Monday, March 28, 2005

Mass Transit

Andy at The Inspector just started his blog. He's warm, earnest and a fellow Mac user, and we find him quite charming. Andy feels strongly that mass transit is a good thing. In his blog about it, he linked to our previous post on the subject and left a friendly comment. Our comment on his blog ran a bit long, so we decided to reproduce it here for posterity:
Certain things are required for mass transit to be practical; the first of which is high population density. The NE corridor from DC to Boston is the only place in the country where intercity rail is close to viable. Even Chicago - NYC is impractical by train, and going anywhere from my town (Lincoln, NE) is a joke.

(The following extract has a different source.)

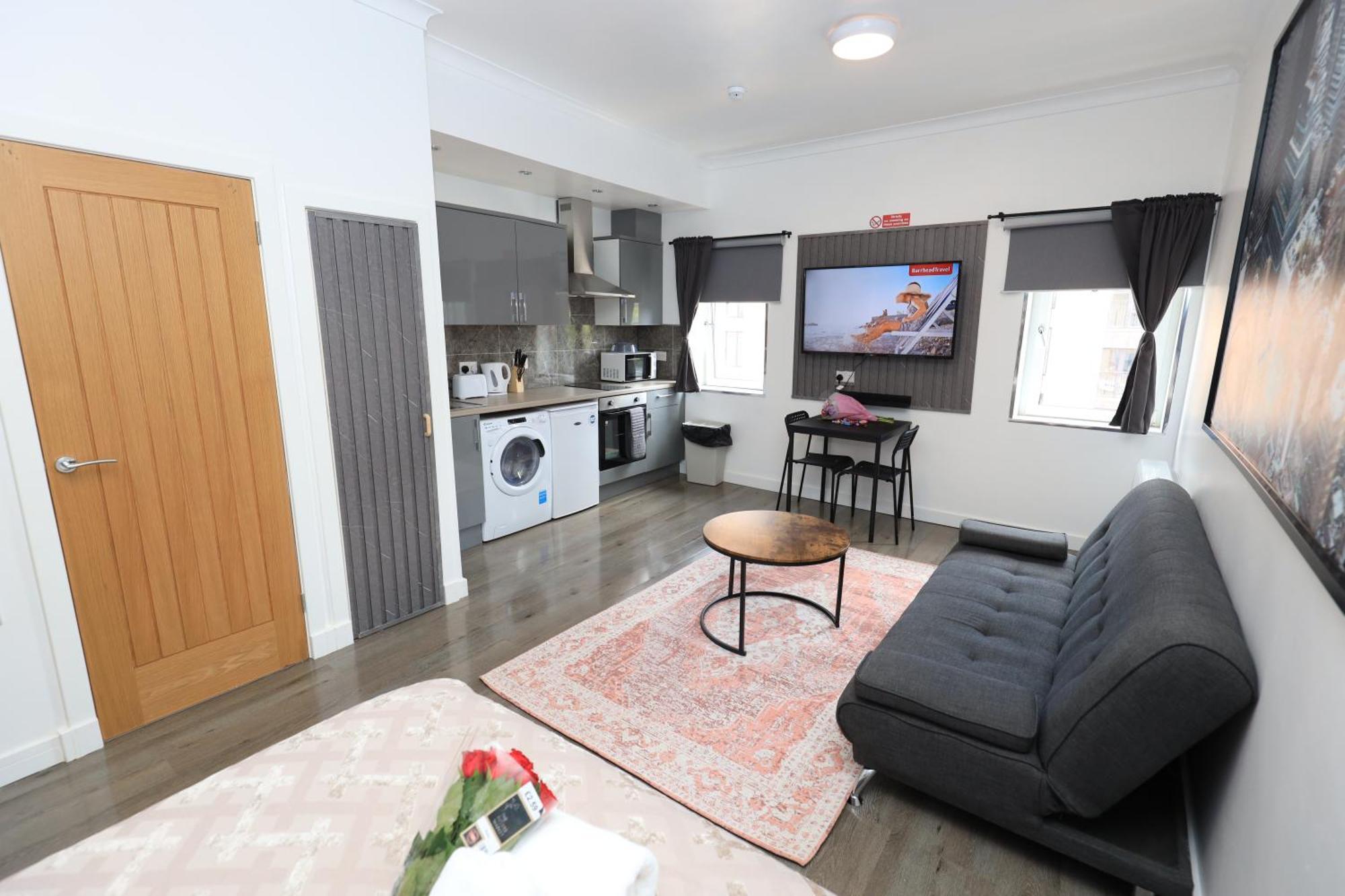 Vr Apartments Glasgow Bagian luar foto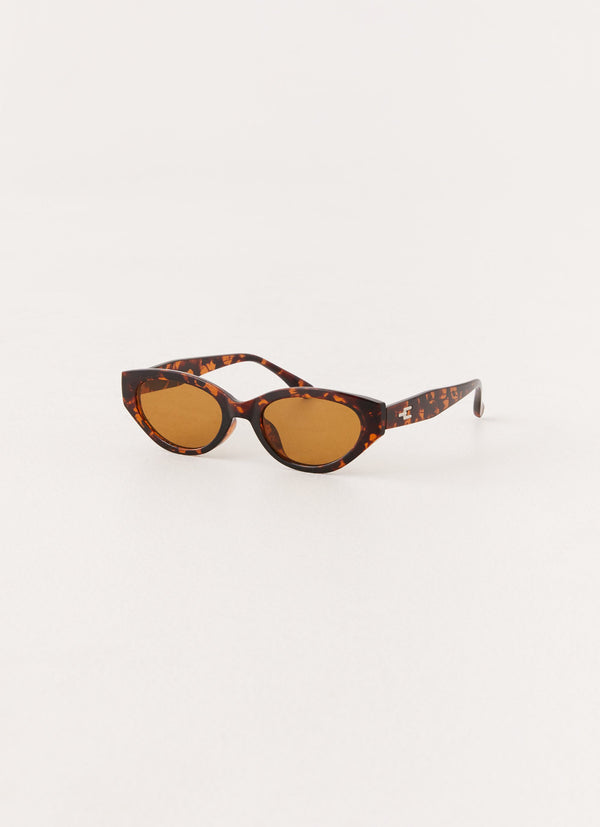 peppermayo Peppermayo Exclusive - Janice Sunglasses - Tort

I commuted from Norwalk, CT, to Stamford, CT, for 15 years on I-95, and it was a bad drive on the good days. As bad as that 25 mile roundtrip was, MetroNorth was worse. It would take twice as long most days to get to the station and park, wait for the train, get to Stanford, get to work from the station and do the same in reverse in the evening. Not flexible, not cheap, not convenient, not practical.

Major metropolitan areas, e.g. Boston, NYC, San Fran, etc. may be able to attract a significant number of riders for local systems, particularly where owning/operating a car is almost impossible. Bad roads, no parking, high insurance are enough to persuade some to ride the trains and forego a car.

Even in these, most favorable cases, the systems are not able to take in enough from fares to cover operating expenses, let alone capital costs (track, cars, repairs). If they were private companies that had to make money, it might be different, but most fervent advocates of mass transit don't believe privatization can work. Inevitably, it comes down to calling for non-riders (local or national) to subsidize riders. I have yet to hear a convincing argument that this is either fair or needed.

Why is mass transit widely used in Europe and Japan? Answers: very dense population in the cities; short distances between cities; terrible city roads and traffic; extremely high car and gas prices; large expenditures of tax money to subsidize the systems.